そんな中、昼間の列車に永らく使われた鉄道唱歌に続き、ほとんどの寝台特急で国鉄時代から変わらずに流されている定番の車内放送チャイムがこれである。
ブルートレインの寝台列車が始発駅を発車してまもなく、流れ行く黄昏の都会のネオンサインを横目に旅の序章を感じていると、このチャイムと共に途中停車駅の案内などが聞こえてくる。また翌朝ボーっとした頭でうとうとしていると、「おはようございます、列車は定時に運転されています、あと十分で○○駅です。」などと云う時にもかかるお馴染みのメロディーだ。
少なくとも20年以上前から寝台特急と云えばこのチャイムだったので、私はこれは寝台列車用のオリジナルメロディーだと思っていたのだが、ある時ネットでなにやら駅のチャイムなど検索していた妻が、突然「このチャイムはハイケンスのセレナーデのエンディングのなんだ!?」と叫びだした。「う、ん?」と振り返りパソコンから流れてくるメロディーを聞いてみると、たしかにあの寝台列車チャイムに間違いない。この曲ならピアノの教本にも載っていて、子供の頃に自分も習った事もあるのだが、寝台列車のチャイムは、余りに見事に原曲のエンディングの部分だけ切り取られているので、今までそれと気がつかなかったわけである。

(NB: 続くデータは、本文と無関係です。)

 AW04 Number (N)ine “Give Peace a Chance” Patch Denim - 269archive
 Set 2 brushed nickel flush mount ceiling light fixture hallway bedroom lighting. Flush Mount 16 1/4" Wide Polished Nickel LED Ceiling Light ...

さてハイケンスと云うオランダ人の作曲家は、第二次大戦中にドイツで仕事をしたナチスの協力者だったそうで、終戦後連合国に逮捕され獄中で自死したと云う数奇な運命を辿った作曲家らしい。そしてこのセレナーデはわが国では、戦争中の昭和18年1月から毎月2回放送された「前線へ送る夕」のテーマ曲としてNHKラジオ放送から流れていた因縁のある名曲だったと云う。この曲が戦後なぜ寝台特急のチャイムになったのかは不明なのだが、中国戦線などで戦う兵士に音楽や落語、バラエティーなど祖国の音声を送った際にも使われた、懐かしくやさしいメロディーゆえに、旅愁を慰めるにぴったりだと思われて旧国鉄の寝台列車で採用されたのだろうか。